The hopper lands at a field outside Port Lowell, and the team take a taxi back to town, from which they intend to call the ambassador - except that she calls first, to tell them that, well, whether through their efforts or otherwise, a large cat now seems to be out of the bag. Mr Chen has declared the intention to apply for Chinese citizenship, and the Chinese have responded favourably - which will mean that a Chinese citizen's residence is deep in the middle of American territory, with a good claim to much of the surrounding area under "fair use" conventions. The Americans have responded by registering a formal claim to the mineral deposits on and around the landslip site (with, yes, that cybershell acting as their claim marker). Everyone is doubtless scowling at everyone else.

The team admit that they're still not sure what happened, but Schmidt, the long-time career diplomat with experience of the politics of Mars, is able to make some educated guesses. Her guess is that the Chinese identified the mineral deposits first, from some previous survey or whatever, and decided to use their agent of influence to move into that area. However, the SIA must have identified Chen as a Chinese patsy, worked out what was going on, spotted the deposits themselves once they had cause to look at that area, and decided to do something about it. Schmidt doubts that the kinetic strike was meant to be homicidal - the Americans probably honestly didn't know that Zajdel was in the danger zone. Rather, the intention was probably to expose the rare earth deposits to the geologists when they came to examine the site the next day, on the plausible (and correct) assumption that, although they had been hired by Chen, they were neutral parties - giving the American Commonwealth an excuse to move in.

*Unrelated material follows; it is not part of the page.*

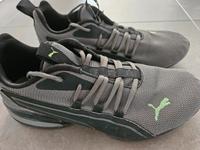 Puma, UK 9, Gr.43, grau, Schuhe Hessen - Großenlüder Vorschau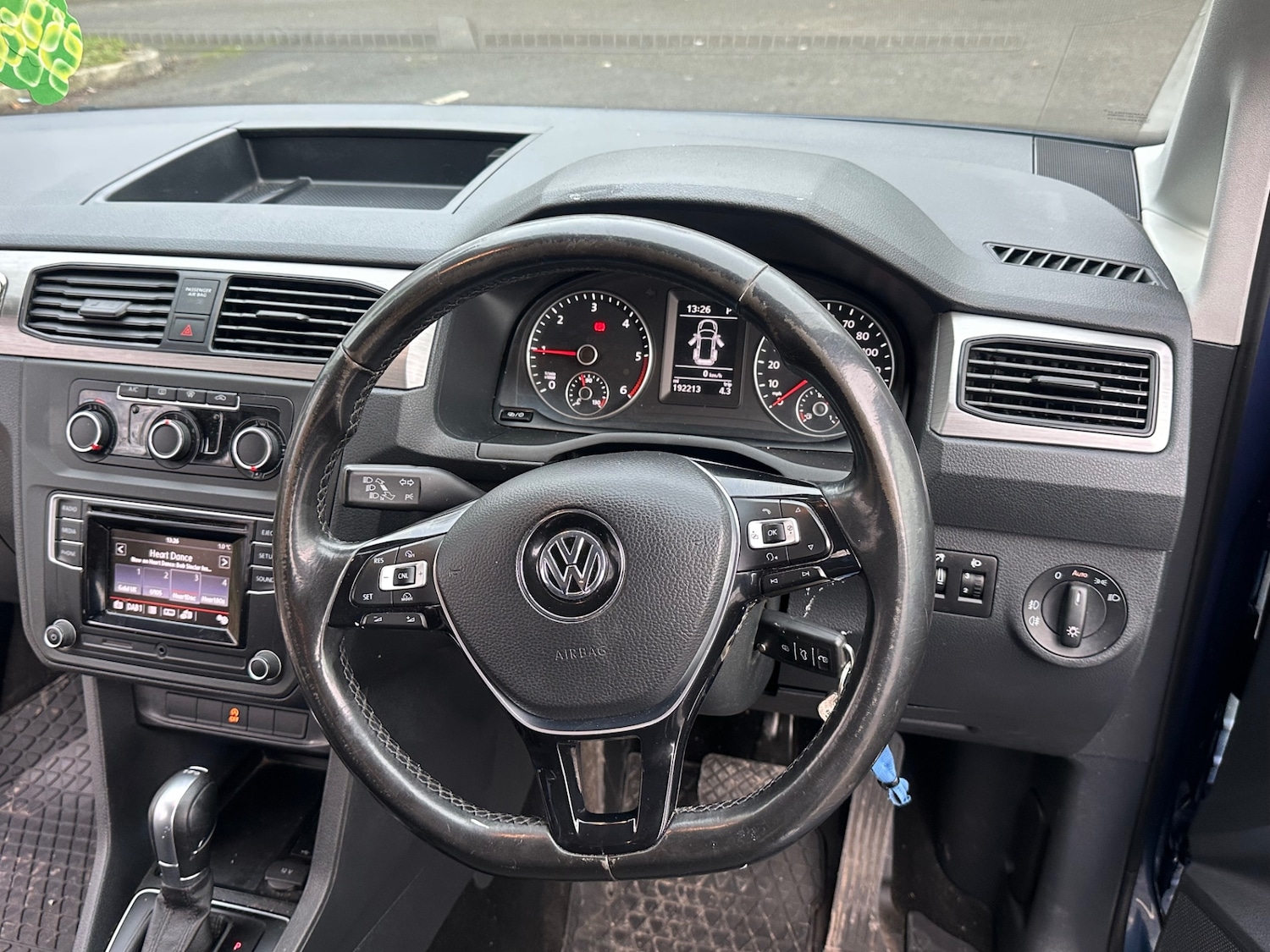 Used Volkswagen Caddy Maxi Life 2018 for sale - 77136926: Photo 14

However, after Zajdel's late-night excursion got her temporarily killed and thus drew so much attention, everyone had to scramble and improvise. Vega was doubtless sent in to try and salvage the situation, and Chen and his handlers have been forced to show their hand in response. So both sides were trying to exploit the E.U.'s neutrality to their own ends, and will doubtless continue to do so - which may turn out to be beneficial, or just annoying. Coming out of this with provisional identification of Hua and Vega as, respectively, Chinese and US agents, and with that "dead" satellite identified as a clandestine American orbital weapons platform, is all bonus.

Anyway, Schmidt tells the team to bring Lipinski into the embassy for personal debriefing, and he's willing to go along. They assure him that, even if they weren't pretty sure that no one is aiming orbital weapons now, this is a safe place - the effect of which is only spoilt when he meets a cluster of maintenance cybershells, and is told that they are just completing the repairs occasioned by the last armed assault on the place.